Games developer Nippon Ichi Software (NIS) America has admitted that customers of two of its US online stores are at risk of credit card fraud after they were hacked.
Like something out of our What you sound like after a data breach article, it’s offering customers a $5 (£3.60) online voucher with no promise of credit checking beyond what the US Government already offers for free.
During that period:
Your personal information, including your payment information, may have been compromised.
Which, when you read further into the alert email, turns out to be an understatement.
After entering their billing, shipping, and payment information, the customer would be temporarily redirected to an offsite web page not owned or operated by NIS America, Inc.
This “malicious process” grabbed everything entered by customers, including billing and shipping address, and credit card data (including the CVV number), before returning customers to the NIS America page to complete the transaction none the wiser. Only PayPal customers were not affected.
NIS said it has taken steps to close the vulnerability that led to the breach, which leaves us guessing as to exactly what that vulnerability might have been.

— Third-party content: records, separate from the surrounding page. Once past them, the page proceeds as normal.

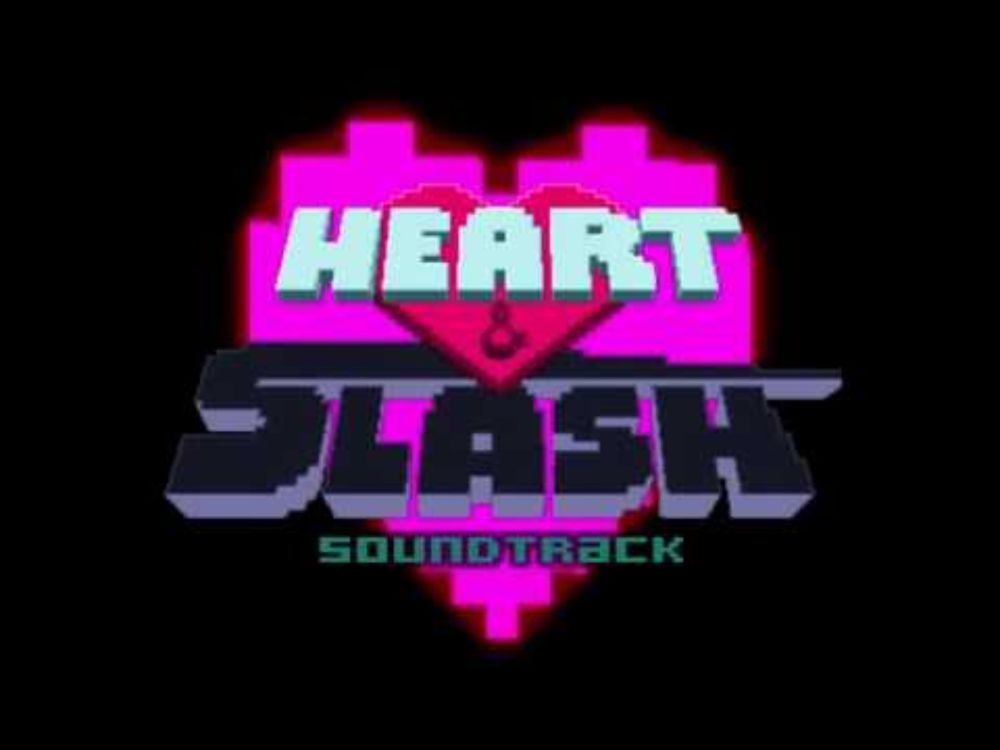 Heart & Slash Soundtrack - I ♥ You (EXTENDED)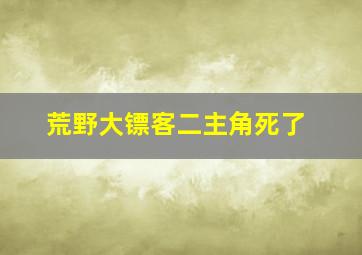 荒野大镖客二主角死了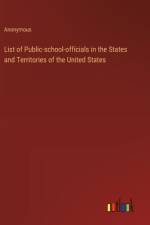 List of Public-school-officials in the States and Territories of the United States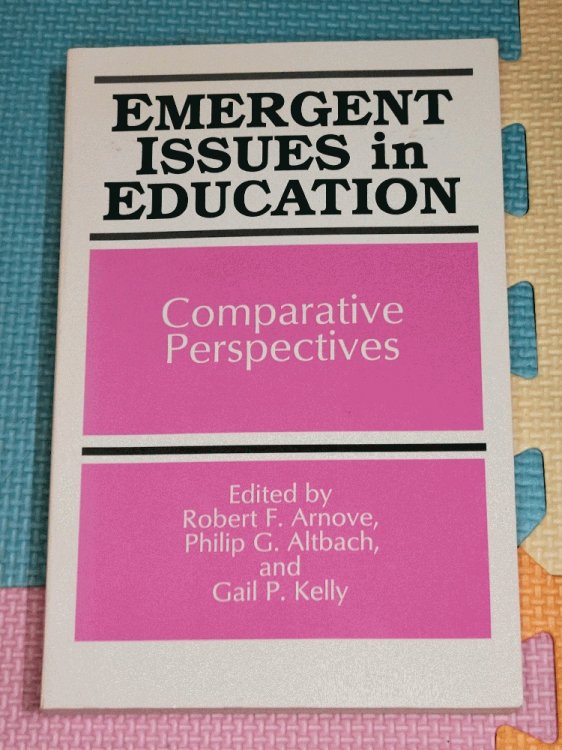 Image for Emergent Issues in Education: Comparative Perspectives Emergent Issues in Education: Comparative Perspectives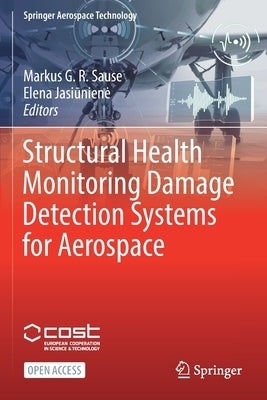 Structural Health Monitoring Damage Detection Systems for Aerospace by Sause, Markus G. R.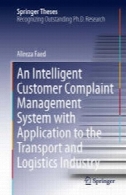شکایت و ضوابط هوشمند سیستم مدیریت با برنامه به صنعت حمل و نقل و لجستیکAn Intelligent Customer Complaint Management System with Application to the Transport and Logistics Industry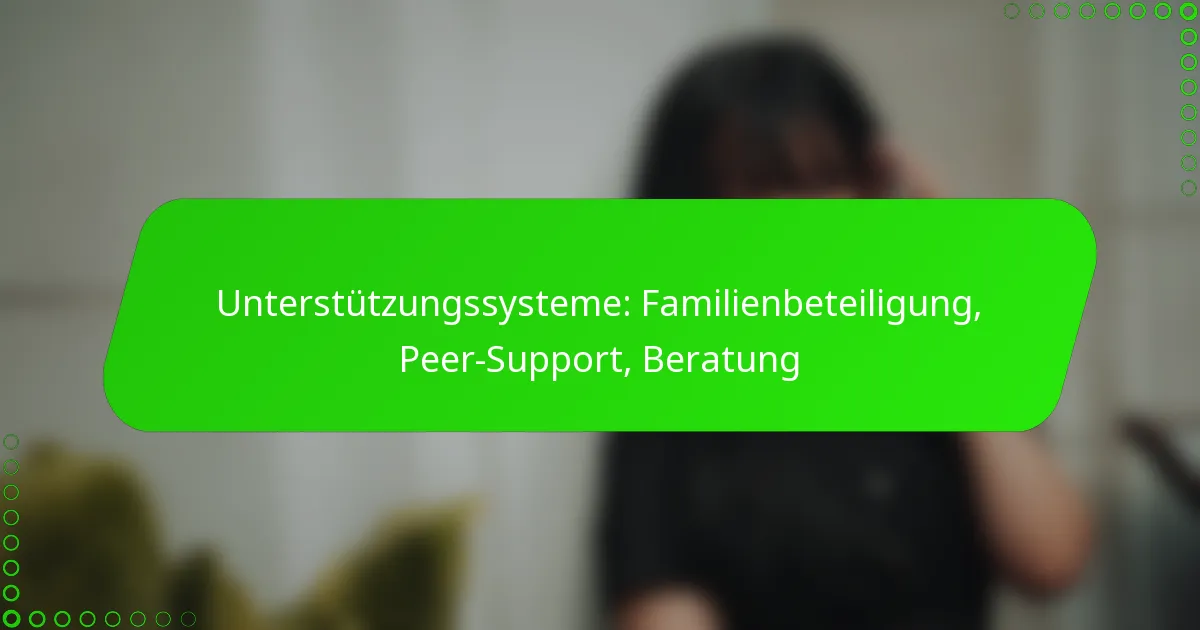 Unterstützungssysteme: Familienbeteiligung, Peer-Support, Beratung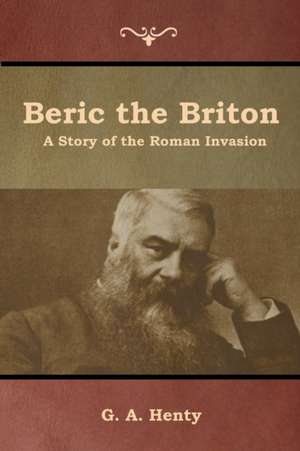 Beric the Briton de G. A. Henty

NIS hasn’t confirmed this detail of the breach, so it remains informed but plausible speculation.
For now, the company’s biggest problem seems to be customer anger, not only at the severity of the breach but an offer to compensate victims by applying the $5 discount against future purchases. Said NIS:
We understand that this is a small token, but we hope it will show our commitment and appreciation of our customers as we begin to regain your trust.
After posting what was claimed to be a sequence of fraudulent card transactions running to $1,000, one Twitter user responded:
The five dollars will really help here.
NIS offered customers a link to the Federal Trade Commission’s identity theft service, which offers US citizens affected by data breaches a free 90-day fraud alert via one of several credit reference agencies.
A standard response in data breaches – especially ones that involve live credit card data – would be at least a year of credit checking and lock, as was the case for affected users after September’s massive Equifax breach.
This could be a test case for US regulators. NIS is no Equifax, but smaller breaches should not be ignored simply because they are smaller.